Capital Preservation and Income in One ETF

Years of record-low interest rates have fueled investors’ desire for added investment income. The roughly $20 billion that has flowed into dividend exchange traded funds just this year proves as much.

One lesson from dividend/yield-chasing craze is that not all income ETFs are created equal. Another lesson is, and it applies to every corner of the investing universe, capital preservation is a critical though overlooked component of a portfolio’s long-term success. One ETF that marries the concepts of capital preservation and income generation is the newly minted WBI Large Cap Tactical Yield Shares (NYSEArca: WBIG).

The actively managed WBI Large Cap Tactical Yield Shares debuted in August as part of the 10-ETF suite launched by New Jersey-based WBI Investments. With nearly $116 million in assets under management, WBIG is one of the most successful ETFs in asset-gathering terms to debut this year. [A Strong Year for New ETFs]

A deeper look at WBIG reveals why the ETF has been a quick success.
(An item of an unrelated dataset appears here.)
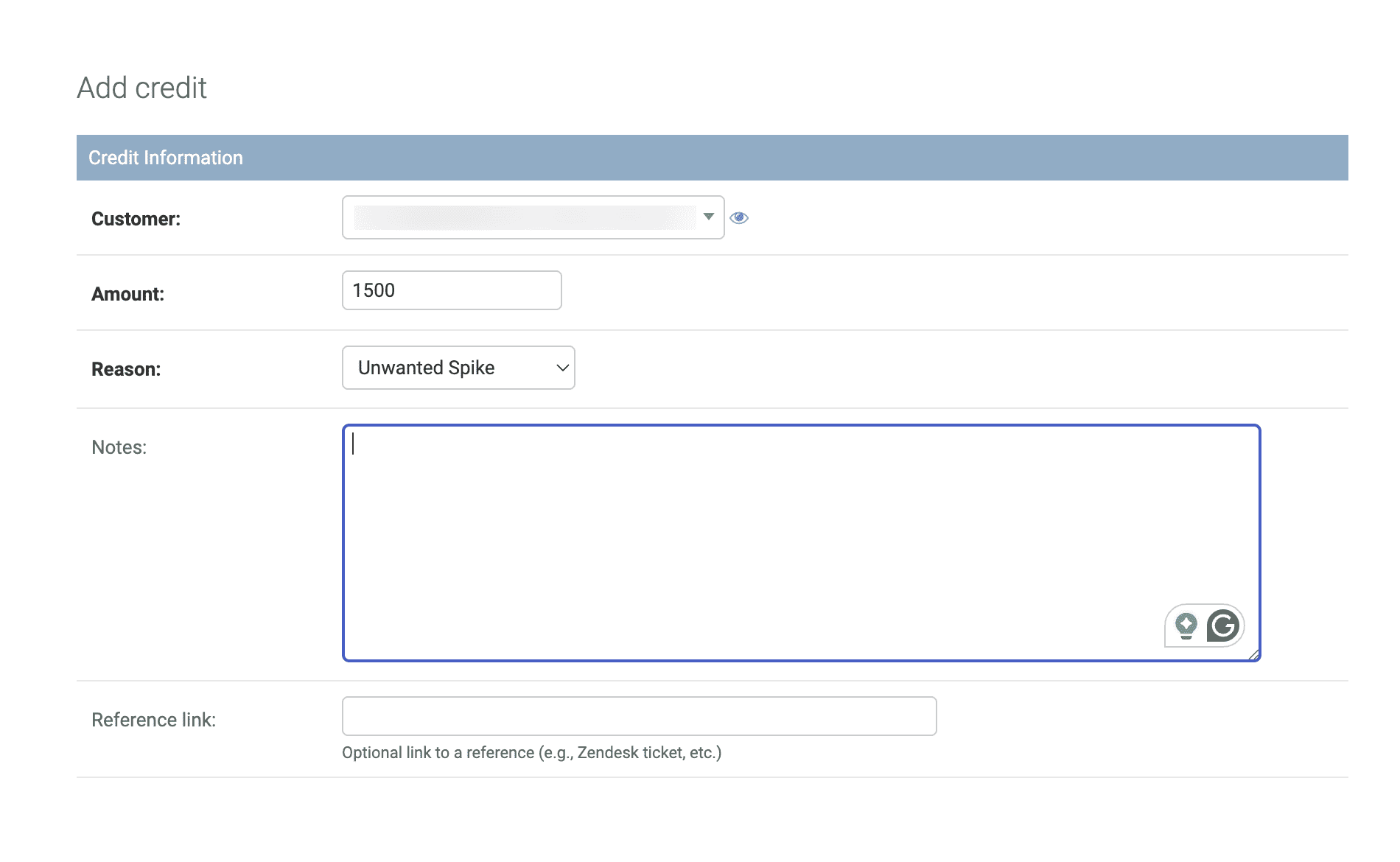 Adding credits in the billing admin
“Clients want income and we look to reduce the volatility to markets in general,” said WBI President Matt Schreiber in an interview with ETF Trends. “Our ETFs are true active ETFs. We’re not managing to a benchmark. We look to capture some bull market returns while preserving capital during bear markets.”

The capital preservation strategy has worked well as WBIG and its nine stablemates have all outperformed the S&P 500 since coming to market. In fact, the recent market pullback proved to be a fertile testing ground for WBIG’s, which includes moving to cash in tumultuous times and, as Schreiber highlighted, the ability to add new equity positions as markets exit corrections and begin moving higher.

In addition to devoting nearly two-thirds of its weight to short-term U.S. Treasuries and cash equivalents, WBIG holds 11 stocks. Several of those are sturdy dividend payers, new additions to the ETF’s portfolio or both.

“The first thing we want is dividend consistency,” said Schreiber. “We don’t like to see dividend cuts. We do like to see dividend growth. We like to have current income to augment capital appreciation. As long as you have capital, you’re always in good shape.”